LEBANON, Ohio (BP)–“We’ve been waiting 30 years for you to come.”

Charles Stoddard* won’t forget the day he heard those words from a family of five living in a squalid shack in Asia. They hadn’t eaten in three days, but food wasn’t the reason the family invited the Southern Baptist missionary to their home — they wanted to know about Jesus.

Stoddard and his wife Nicole* — who completed a three-year term overseas earlier this month — were among 21 missionaries appointed by International Mission Board at Urbancrest Baptist Church in Lebanon, Ohio, July 12. Speaking to a crowd of more than 800, Stoddard recounted that the Asian family’s grandfather had come to believe many years ago in the existence of “one true God.”

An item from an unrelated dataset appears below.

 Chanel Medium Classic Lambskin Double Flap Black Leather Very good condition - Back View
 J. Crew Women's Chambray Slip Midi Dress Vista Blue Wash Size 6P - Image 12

Shortly before he was martyred for his faith, the grandfather told his family to wait for the day someone would come to tell them more about this God. Three decades would pass before one of the family’s sons happened to overhear Stoddard talking about Christ in a public park and recognized he was the one they’d been waiting for.

“I suddenly realized that this family, who had never met another Christian, who didn’t even know that a Bible existed — God had been preparing their hearts for 30 years to hear the Gospel of Jesus Christ,” Stoddard said. “That family accepted Christ that day, was baptized, and today a church meets in their home.”

What’s more, at least 40 others have come to faith in Jesus as a result of the family’s conversion and passion for sharing the hope they waited so many years to receive.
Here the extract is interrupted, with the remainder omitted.